───── DATA FOR THIS TASK
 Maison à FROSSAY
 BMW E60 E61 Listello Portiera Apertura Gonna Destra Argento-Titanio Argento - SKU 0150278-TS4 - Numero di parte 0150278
──────────
───── DATA FOR THIS TASK
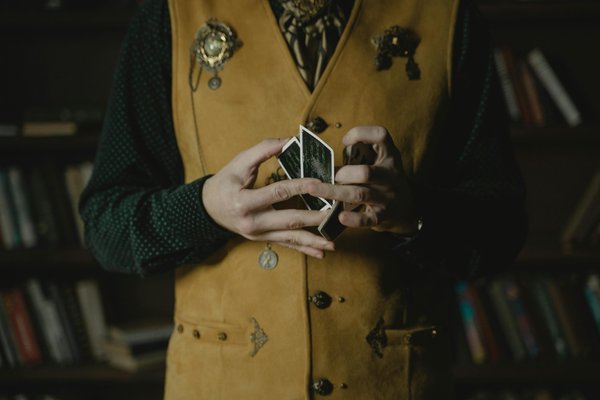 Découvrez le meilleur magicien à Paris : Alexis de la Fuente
──────────
● PROBLEM TO WORK ON
In the data above, which lines lie between the line with "Maison à FROSSAY" and the line with "BMW E60 E61", inclusive? Print those lines exactly and nothing else.

● EXERCISE RESULT
 Maison à FROSSAY
 BMW E60 E61 Listello Portiera Apertura Gonna Destra Argento-Titanio Argento - SKU 0150278-TS4 - Numero di parte 0150278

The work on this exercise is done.